On June 15, 2008, the Indian Navy will commission the INS Chakra, a 12,000-tonne Akula-II class nuclear-powered attack submarine, from the far eastern Russian port of Vladivostok. The submarine, which is being built at a shipyard in Komsomolsk-on-Amur, marks the fruition of a $650-million (Rs 2,600 crore) secret deal signed by the NDA government three-and-a-half years ago, which said that India would finance the construction of an unfinished Russian nuclear submarine hull and then lease it for 10 years. The impending acquisition of the Chakra gives India the long-awaited third leg of the nuclear triad—the others being air and land-based nuclear delivery platforms—widely regarded as the most survivable mode of launching nuclear weapons.

“It is the most crucial strategic capability we are acquiring after testing nuclear weapons in 1998,” says strategic analyst Bharat Karnad. Manned by a specially trained Indian crew, the Chakra—named after Krishna’s weapon—will undertake a 15-day passage through the South China Sea, with no port calls, to India, where it will be formally inducted as a component of India’s strategic forces command.

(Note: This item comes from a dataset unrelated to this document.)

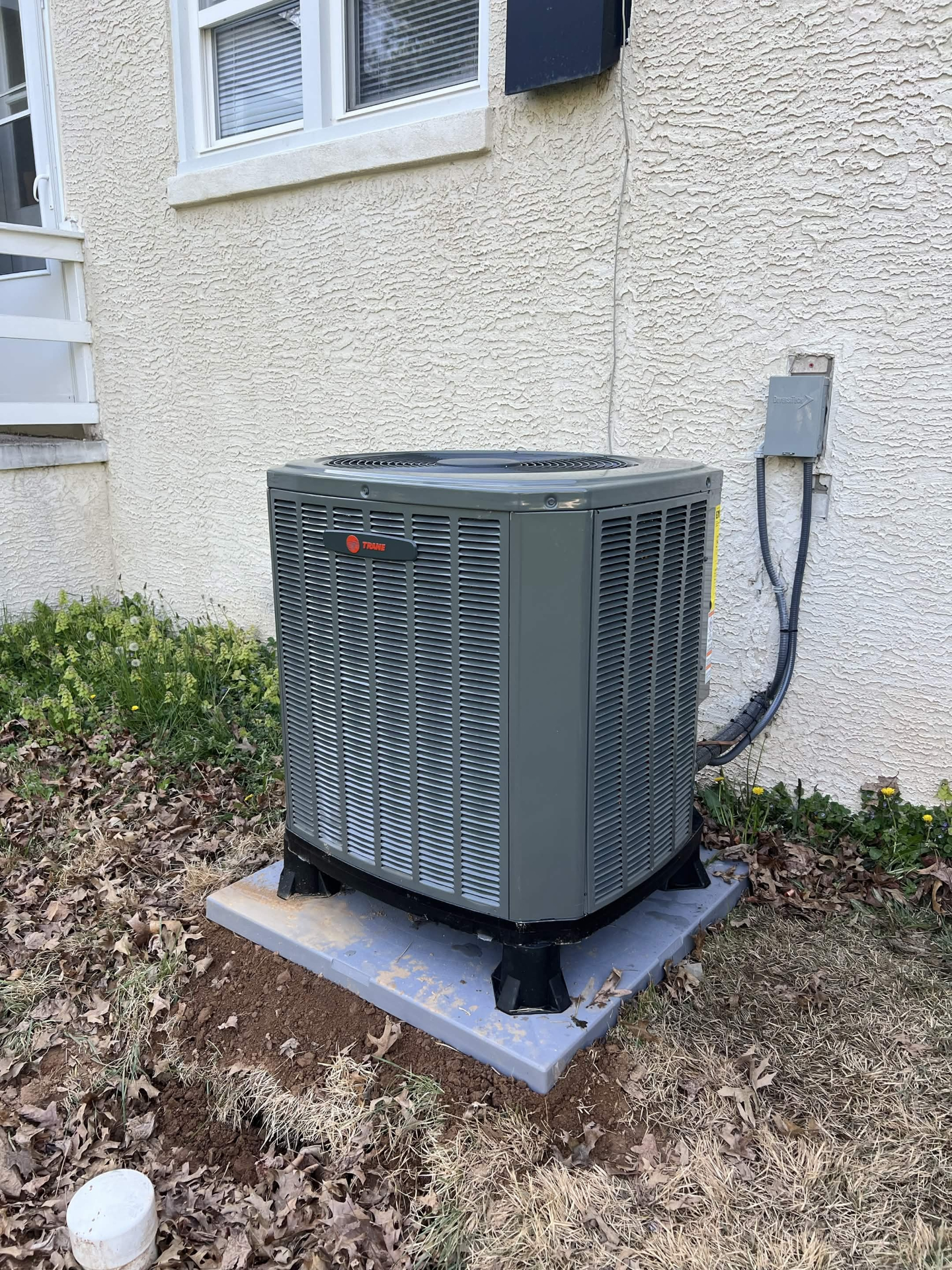 Outdoor condenser installation completed by C&S Heating & Cooling beside a home.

Nuclear submarines use a miniature nuclear reactor, to produce steam, which drives a turbine. Capable of tremendous underwater speed and almost unlimited endurance, they are in fact limited only by the endurance of their crew. The Akula-II submarine’s speed of 35 knots and diving depth of 600 m is twice that of a conventionally powered submarine. “However, a nuclear submarine is much more than just a submarine with a nuclear reactor,” says Rear Admiral (retired) Raja Menon. “It is the arbiter of power at sea,” he adds.

Armed with indigenously built nuclear-tipped cruise missiles with a range of over 1,000 km, the Chakra will be a potent addition to India’s strategic arsenal. A need which was felt after the Pokhran tests of 1998 when India enunciated a nuclear doctrine of ‘no first use’ and nuclear forces based on a triad of aircraft, mobile land-based missiles and sea-based assets, to ensure that its nuclear deterrent was “effective, enduring, diverse, flexible, and responsive to the requirements of credible minimum deterrence”. While the road and rail-mobile Agni series missiles afforded the land-based legs of the triad, the focus quickly shifted on inducting submarines armed with nuclear weapons. India’s Advanced Technology Vessel (ATV), a euphemism for a nuclear-powered ballistic missile submarine (SSBN) project initiated in the 1970s was still a decade from induction.

Hence talks on leasing two Akula class submarines—later reduced to one—were begun by the Vajpayee government after the Kargil War in 1999. Code-named Project (I), it was part of the three key naval items on the list of the Indian-Russian Inter-Governmental Commission on Military Technical Cooperation initiated by the government in 2002. The other two items on the list were the purchase of the Admiral Gorshkov aircraft carrier, and the lease of four Tu-22M strategic bombers (which has since been cancelled). Funds for the submarine lease were allotted by the Central Government, but never publicised. The deal for leasing the submarine was signed quietly in Delhi in January 2004 along with the Gorshkov deal, during Russian Defence Minister Sergei Ivanov’s visit.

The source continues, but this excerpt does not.